The measurements revealed that previous data for total column ozone in 2012 had made the hole appear smaller than it actually was, as winds blew additional ozone into higher altitudes in early October, above the ozone destruction in the lower stratosphere. This meteorological effect masked the damage to the ozone hole and gave the false impression that it could be recovering.

"Our work shows that the classic metrics based on the total ozone values have limitations – they don’t tell us the whole story," said Kramarova.

The hole truth

Similarly, Strahan found that the two large ozone holes of 2006 and 2011, two of the biggest and deepest for the last 10 years, formed for different reasons. While the 2006 hole contained more ozone-depleting chlorine, Strahan believes that in 2011 winds transported less ozone to Antarctica. Again, total column measurements of ozone had not revealed variations in two key factors – the winds that bring ozone to the region and chemical loss due to chlorine.

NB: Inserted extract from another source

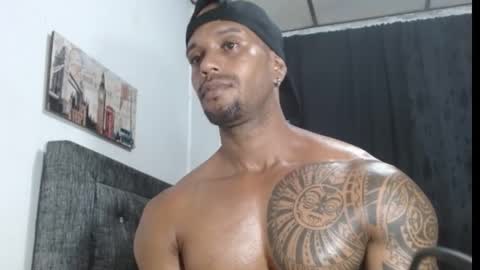 Snapshot of manolofitt chatting on 03-10-25, 12:51 Manolo online show from 03-10-25, 12:51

To obtain the result, Strahan used data from the NASA Aura satellite’s Microwave Limb Sounder to track nitrous oxide concentrations, which vary inversely with chlorine.

The team says that stratospheric chlorine was expected to drop by around 5% from 2004–2013 as a result of the Montreal Protocol, but their measurements indicate variations of ±5% each year.

So what does this mean for the recovery of the ozone hole? Since the early 1990s there have been more than enough ozone-depleting substances above Antarctica to destroy almost all the ozone in the lower stratosphere in spring and early summer. This means that the size of the seasonal ozone hole has largely been controlled by the temperature in the lower stratosphere, which affects the speed of ozone-destroying chemical reactions, and by winds that transport in different amounts of ozone.

As concentrations of ozone-depleting substances start to drop, the ozone holes in some years between 2015 and 2033 are likely to have a smaller area due to chlorine decline. And once ozone-depleters reach pre-1990 levels, which is likely to happen in the mid-2030s or so, the hole will start to recover, with full recovery predicted for around 2070.